It took a while after the rather shocking U.S. presidential election results for me to recover and consider what I might look at doing around the old Hope Ness homestead to get ready for the American invasion.
That’s a reference to many thousands of Americans apparently considering a move to Canada following the election of Donald Trump; no coincidence the Immigration Canada website crashed on election night as the results began to point inexorably to a Donald Trump victory.
Perish the thought when I’m referring to “invasion” above that I meant the possibility of any other kind of American invasion on the pretext, say, of a trumped-up national security or economic issue – like the possibility he might think Canada should simply be part of the U.S. as an alternative to renegotiating NAFTA. Surely, he wouldn’t think or do any such thing . . . surely.
And I say “shocking” regarding the election results not because I was shocked, but for the sake of that great multitude of people, including in the mainstream American news media, who were. I saw it coming a year ago and never believed the polls.
Still, I confess I invested a lot of time watching CNN, especially in the past few months. And that meant enduring a lot of talking heads, panel after panel of them, expressing their opinions day after day, week after week.
It’s astonishing how CNN, despite being reviled and bad-mouthed along with the rest of the news media by now-president-elect Trump kept trying to bend over backwards to maintain the appearance of being fair and objective when the situation called for nothing but truth, truth, and more truth.
And what is the truth?
The truth is Trump demonstrated time and time again in the most outrageous way during the campaign that he was unfit to be President and Commander-in-Chief with his finger on the nuclear button. He has done precious little since the election to reassure the millions of Americans – and millions more other people around the world – living in fear of what the future holds.
One scripted, teleprompter-assisted victory speech in which he called upon all Americans, regardless of politics, to “bind the wounds of division,” does not suddenly change that. He can’t get off that easy for the damage he has done to the quality and spirit of American democracy.
He is after all the man who inflicted so many of those wounds, the man who repeatedly said the election was “rigged” and left a lot of people wondering and afraid of what might happen if he lost.
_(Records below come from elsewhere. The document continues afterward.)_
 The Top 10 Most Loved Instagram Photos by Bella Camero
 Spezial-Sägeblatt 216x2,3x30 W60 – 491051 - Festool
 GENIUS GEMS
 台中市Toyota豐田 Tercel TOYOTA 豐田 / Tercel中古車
In effect, he held his country hostage.
Trump has to earn back the trust of the millions of people he offended by demonstrating he can be trusted to be a better man, especially as President, than the one he showed his country and the world during a hateful campaign.
Does anyone doubt the sincerity of defeated Democratic presidential Hillary Clinton’s call for her supporters – as many as Trump’s – to accept his election with an “open mind”?
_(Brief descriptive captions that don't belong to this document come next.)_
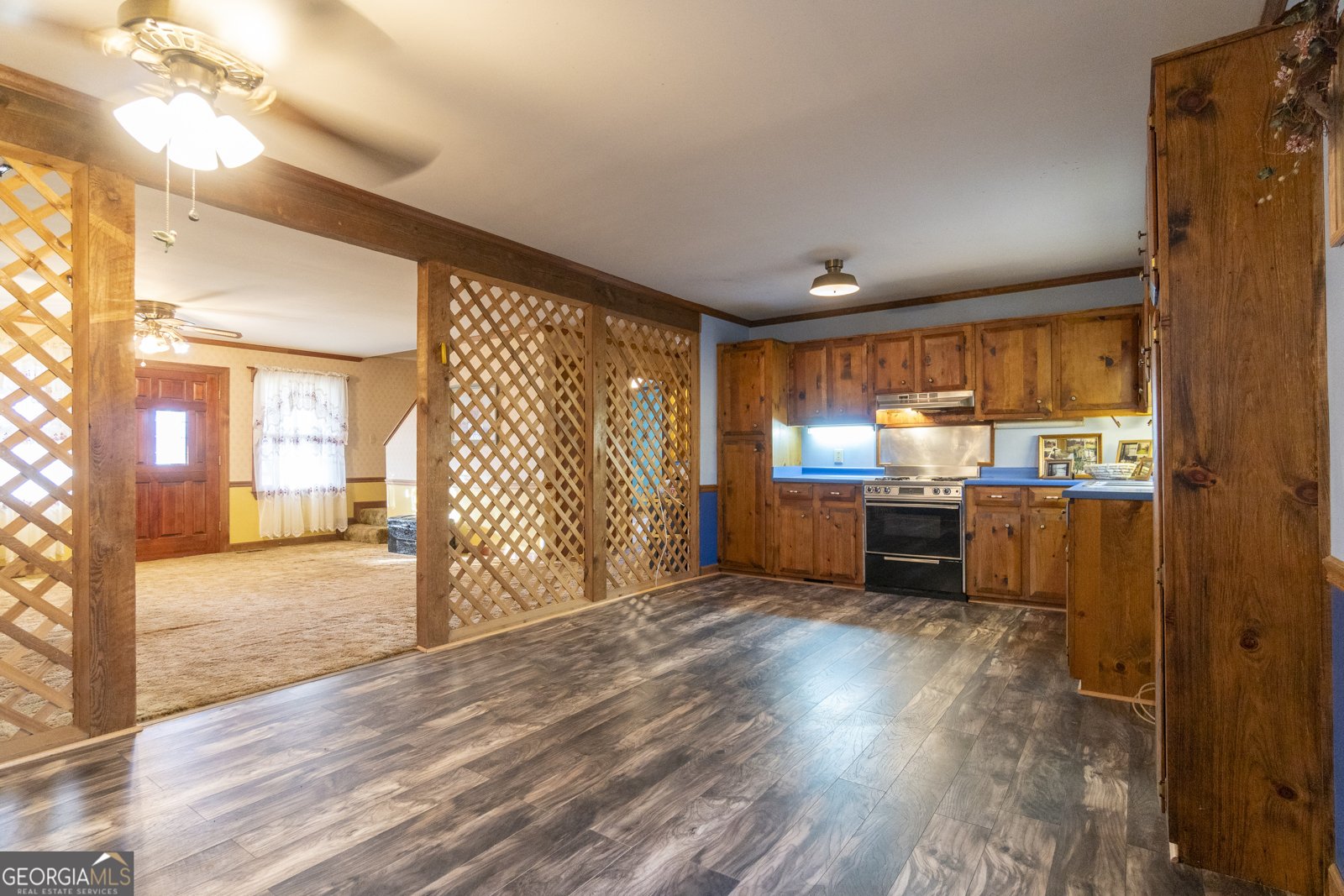 96 Joyce Drive (off Airport Road) Cleveland - 32
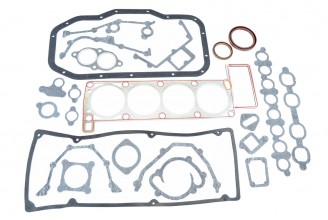 Комплект прокладок двигуна ГАЗ 3302, 2705, 2217 (ЗМЗ 405 дв) з ГБО (к-кт 7 шт) (стандарт) ФАРЕР
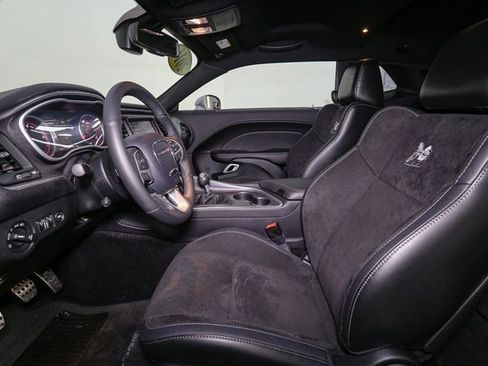 Used 2016 Dodge Challenger R/T Scat Pack image 40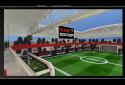 Pure Soccer screenshot 1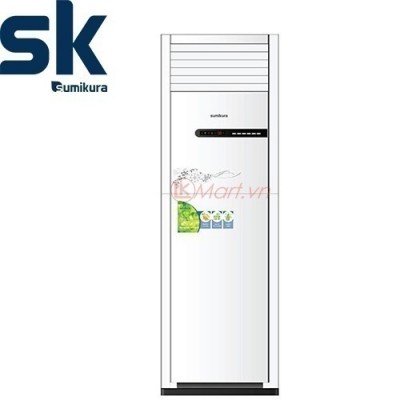 Điều hòa tủ đứng Sumikura APF/APO-H480/CL-A 2 chiều 48000BTU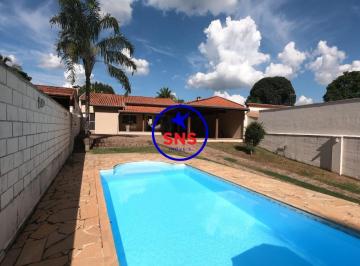 Foto 01 · Casa, Parque Luciamar, Campinas, SP
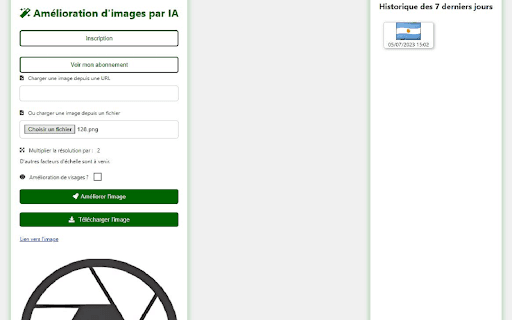 AI Image Generation thumbnail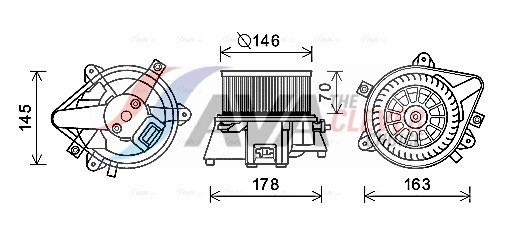 FT8450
Does anyone doubt the sincerity of outgoing President Barack Obama’s promise to cooperate fully and graciously with Trump and his transition team to ensure the peaceful transfer of power?
Clinton and Obama’s behaviour at this crucial moment in American history is a testament to a real and profound love of their country, and its place in the world. It also shows a fundamental decency of character, a “grace under pressure,” that does great credit to the true and best spirit of American democracy.
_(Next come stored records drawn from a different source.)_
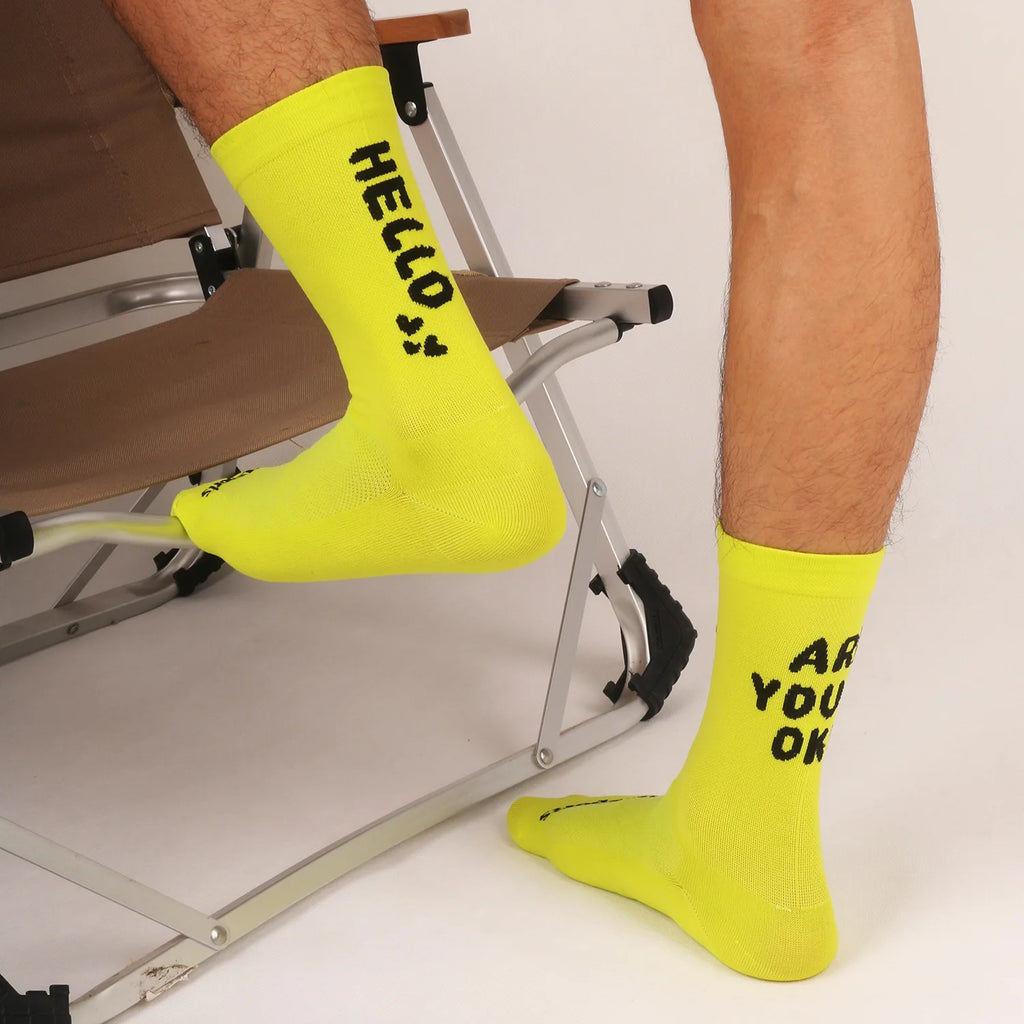 AllSeason Sport Socks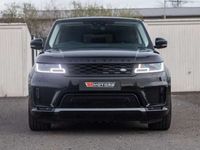 gebraucht Land Rover Range Rover Sport HSE /RHD/MATRIX/PANO/21"/LHZ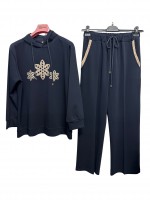 Completo Curvy Roberta - Equilibrio Completi e set coordinati EQROBERTA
Trump should take some quality, alone time now in his tower to reflect on those thoughts and let them percolate for a good while, if he can.
I don’t know. Somewhere in the world there may be some perfect people, one or two anyway, maybe. I know a few in my own experience who come pretty close.
But most of us are works-in-progress, trying to learn from our mistakes, and our successes, and accepting responsibility for both.
It’s not easy to change, to grow, and become a better person.
Sometimes it’s only yourself you hurt if you fall short. Sometimes it’s other people, and that’s the hardest responsibility to bear, assuming you have a conscience.
Donald Trump now has the future of 300 million Americans in his hands, and to a large extent the future of many millions, even billions of other people around this troubled world.
Let’s hope he has a conscience, and a sincere desire to grow and become a better man than the one he showed the world since announcing his intention to seek the office of President of the United States of America many troubling, turbulent months ago.
The American people, and the rest of us Earthlings, may find out all-too-soon if he can rise to his personal challenge and the many others he will face on the international stage. Barely more than a week after the election there were few if any signs he was.
The man who spoke so coarsely of undocumented Mexican immigrants, who promised to “tear up” the North American Free Trade Agreement, who has called climate change a “hoax” had good, comforting words to say in his victory speech about working in a spirit of partnership with other nations.
The stock markets heaved a collective sigh of relief. But were those words just another lie? Does he even know himself?
Trump became infamous during the campaign for his impulsive, sometimes downright self-destructive behaviour, the candidate many people feared to see with his hands on the nuclear-war codes. His campaign minders had to ban him from tweeting in the final week to make sure he didn’t cause any more problems on the way to apparent victory.
If you can’t trust him to tweet, how can you trust him with the nuclear codes? Obama asked that very good question in his final campaign speech.
Is Trump really on his way to becoming a President capable of careful thoughtfulness in the face of an unfolding crisis?
Or will he destroy the world?
If the answer to that question is yes there will of course ultimately be no refuge or sanctuary anywhere, not even here at the end of Cathedral Drive.
Nevertheless, I will as always welcome American, or any refugees, to my door in a spirit of mutual love and consolation.